I also updated simplification of rational functions and added one option to simplify_trig.
comment:11 Changed 8 years ago by
And there was also no way to go back after expanding trigonometric function. I added interface to Maxima's trigreduce to this patch.
comment:12 Changed 8 years ago by
- Cc fmaltey@… added
I really dislike the idea of adding a new function for each functionality of this kind. This makes it very hard for users to figure out the function name they need for a specific task.
We should be able to provide an interface to all these "rewriting" tasks through a few conceptually defined methods like rewrite(), expand() and combine()( or contract()?).
Francois Maltey had a proposal for a possible interface to all this. Maybe he can comment here, or we can discuss his proposal on sage-devel.
comment:13 Changed 8 years ago by
started discussion on sage-devel
comment:14 Changed 8 years ago by
- Status changed from needs_review to needs_work
According to the discussion on sage-devel, let's wait (perhaps short time) and look for some cleaner solution.

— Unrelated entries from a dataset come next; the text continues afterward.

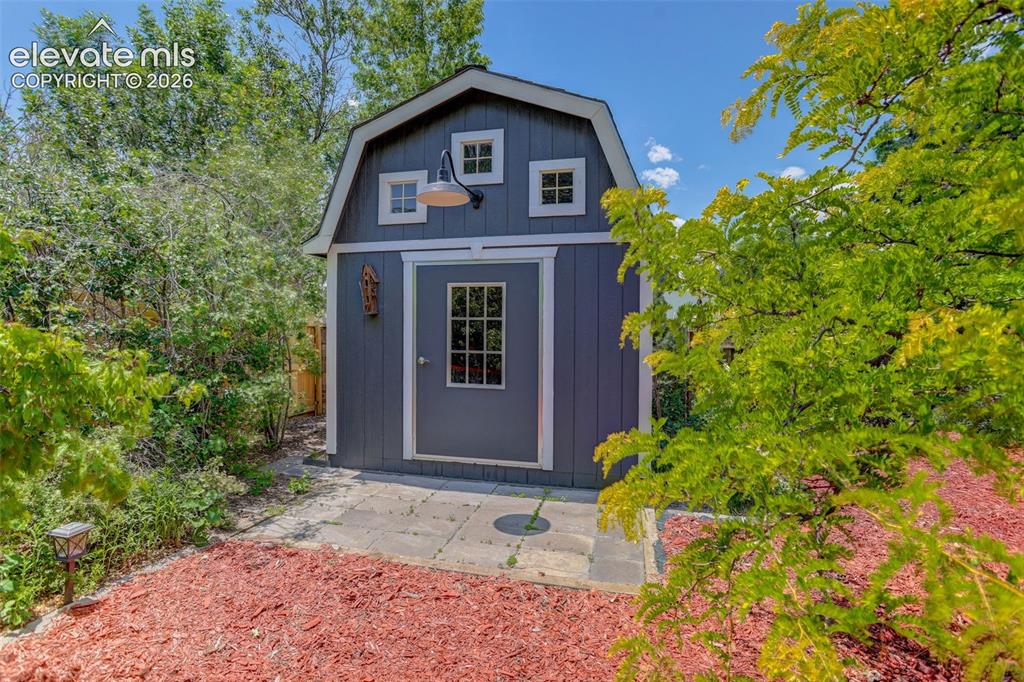 Image 47 of 49: Aerial property showcasing a dark-hued exterior with a grey shingle roof, s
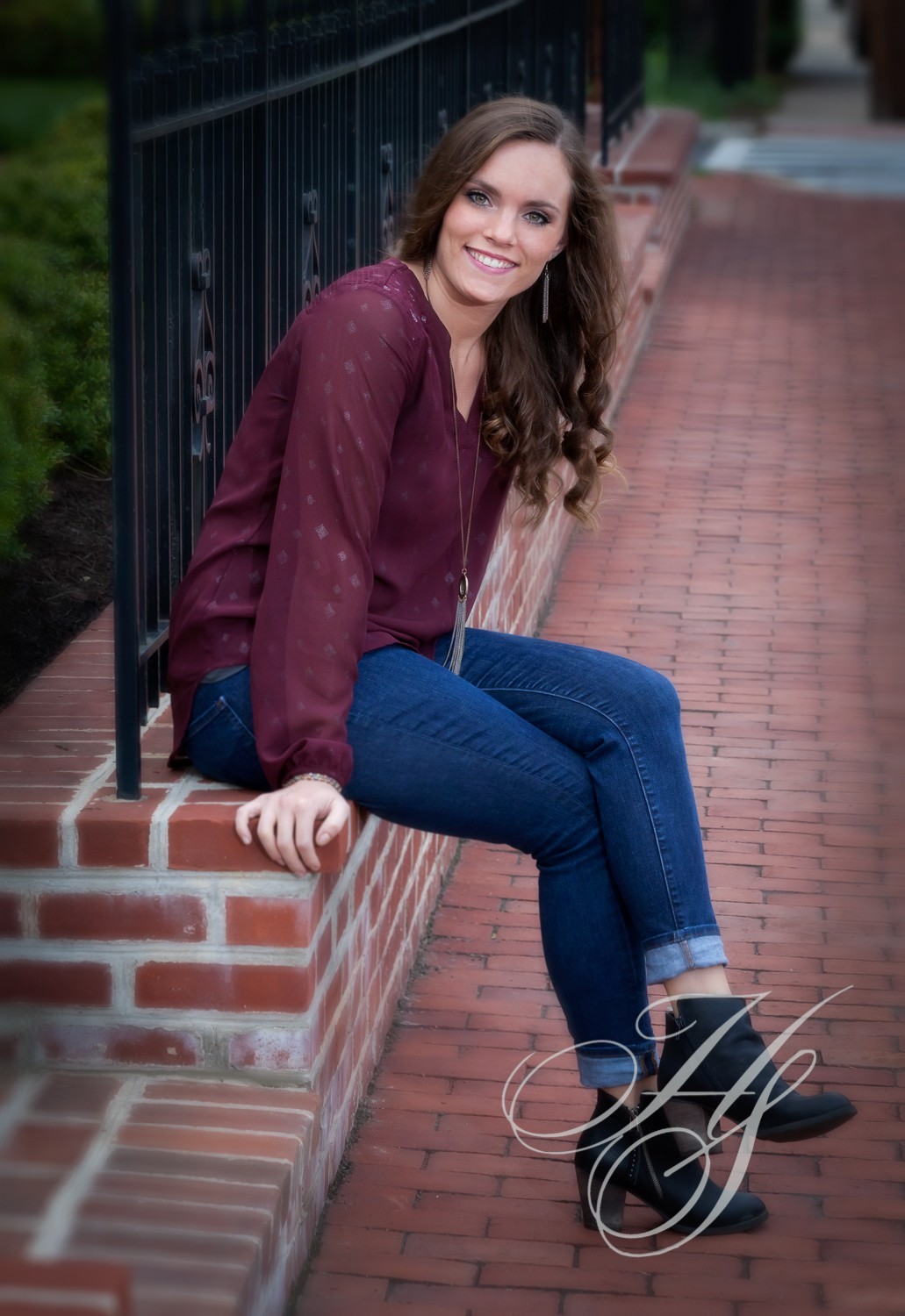 A woman sitting on the ledge of a brick wall.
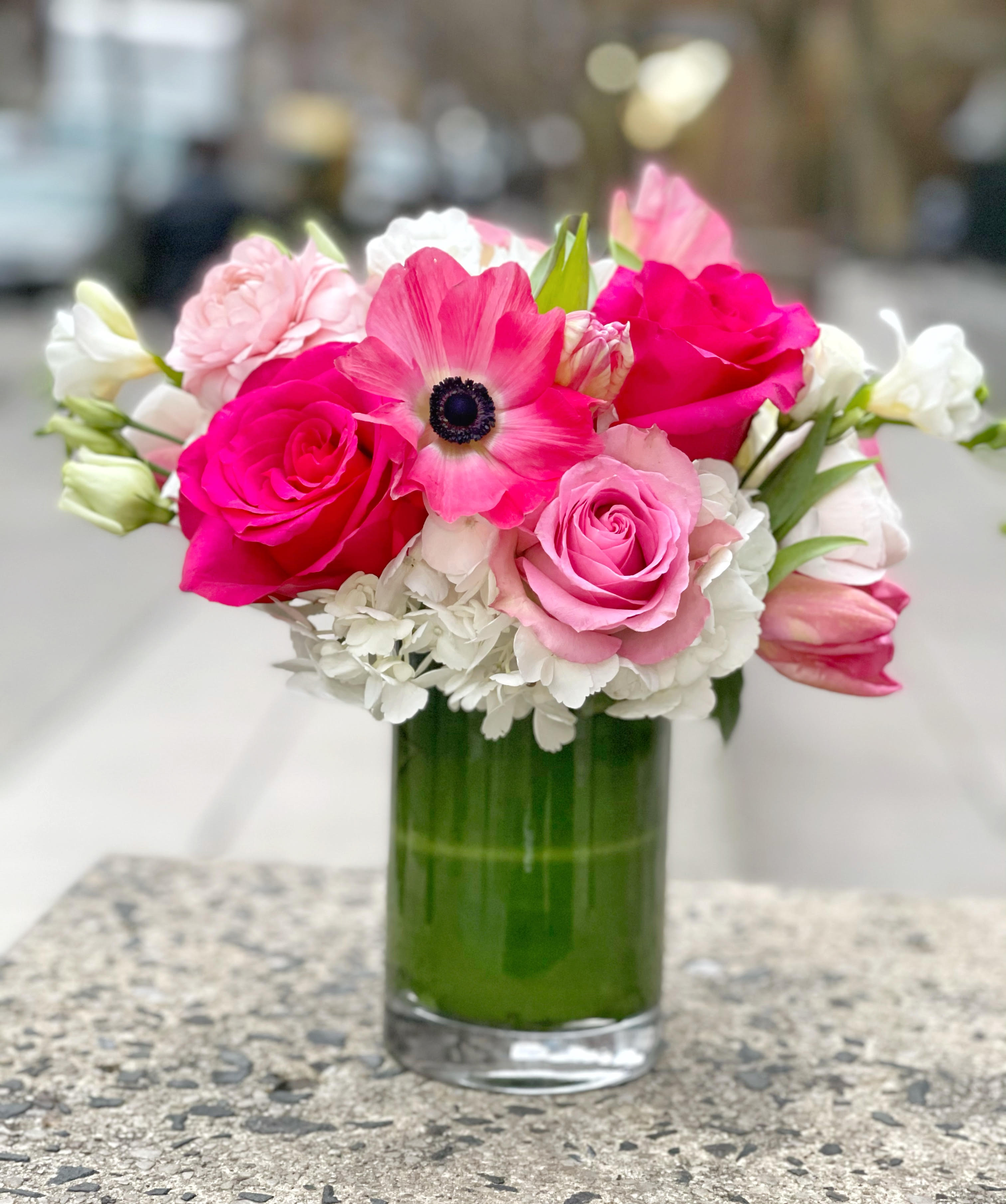 Pink and white bouquet in a clear glass vase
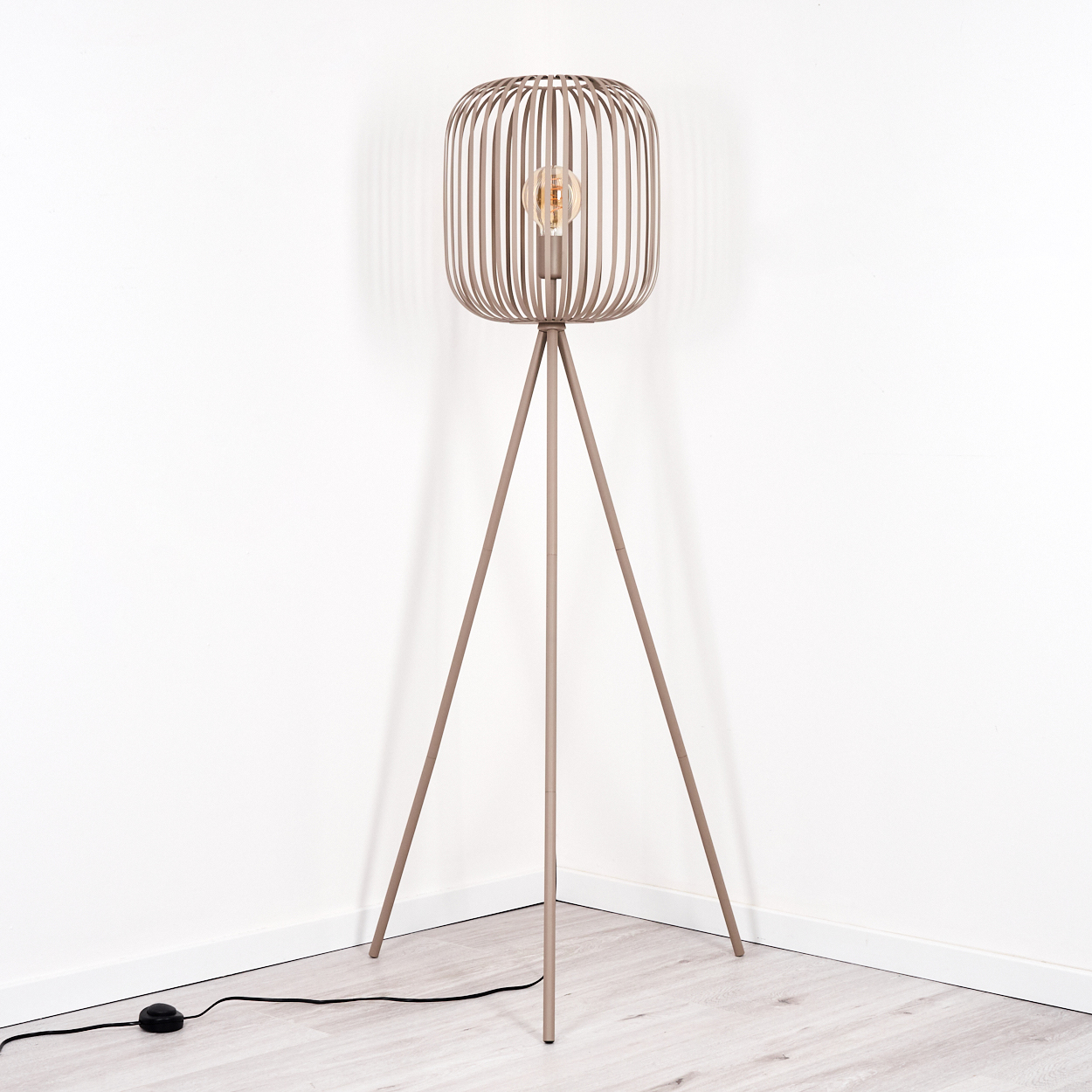 Eine moderne Stehlampe mit käfigartigem Lampenschirm, sichtbarer Glühbirne und Dreibein-Sockel steht in einer Ecke vor einer weißen Wand.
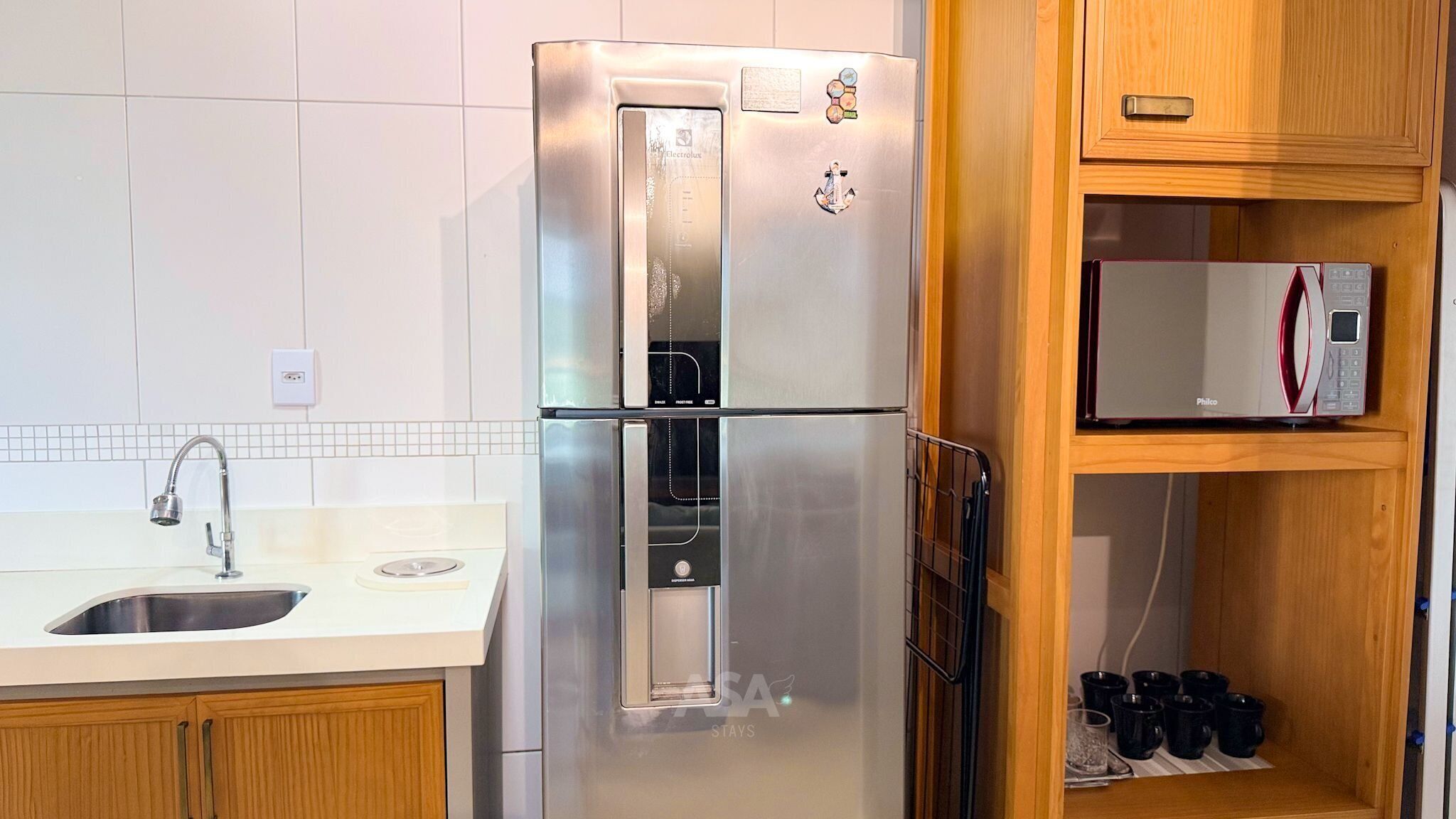 Ein Edelstahl-Kühlschrank mit Wasserspender und Eiswürfelbereiter, darüber eine Mikrowelle und darunter ein Holzschrank mit Ablagefläche.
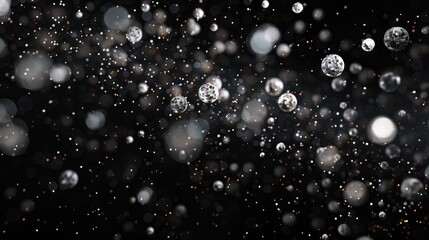 Poster - Abstract image of floating particles on a black background. The visual features a blend of light and darkness, creating an enchanting and dreamy atmosphere. Perfect for design projects.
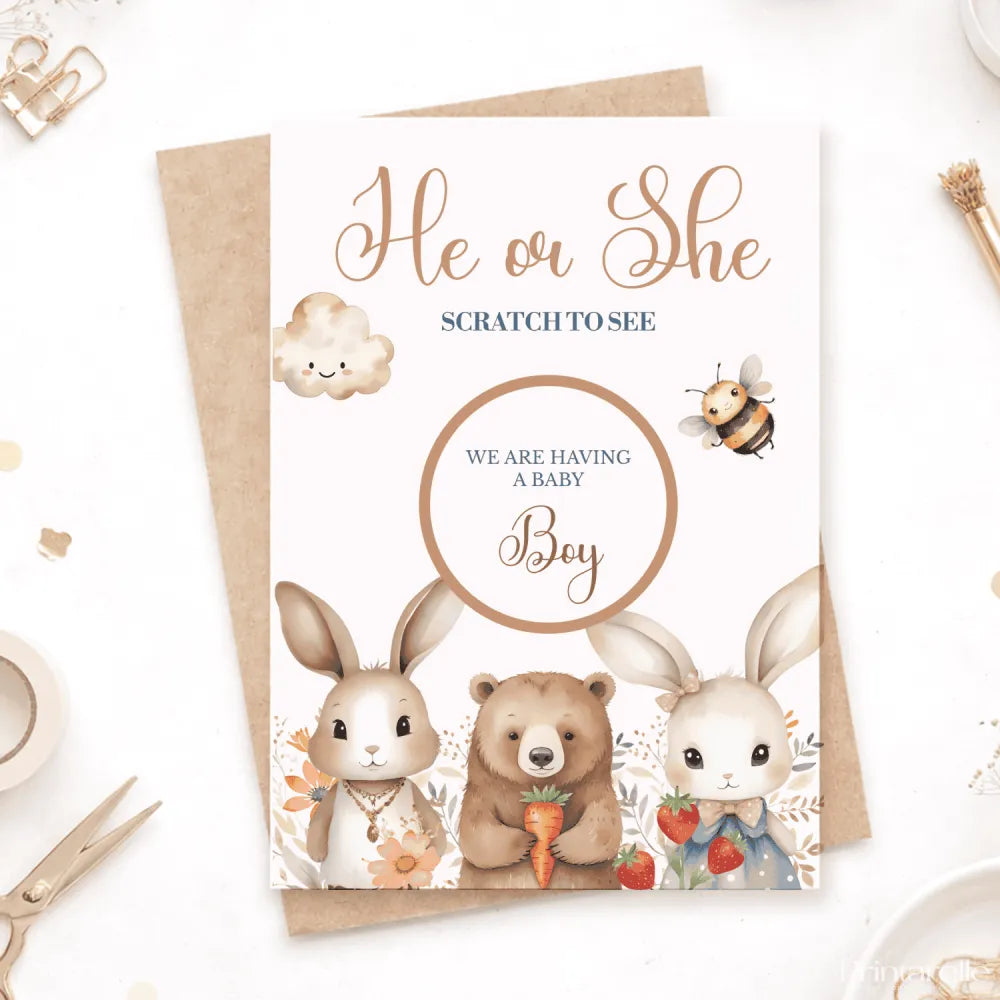 Baby shower card with cartoon animals and text 'He or She Scratch to See We Are Having a Baby Boy' on a white background.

comment:15 Changed 7 years ago by
- Report Upstream set to N/A
- Reviewers set to Karl-Dieter Crisman
- Status changed from needs_work to needs_review
3 months is more than enough time to wait. The patch looks good to me (apart from minor formatting problems like long lines). I want to give a positive review, but it seems I can't switch from needs_work to positive_review directly. I'll run doctests first, then come back here.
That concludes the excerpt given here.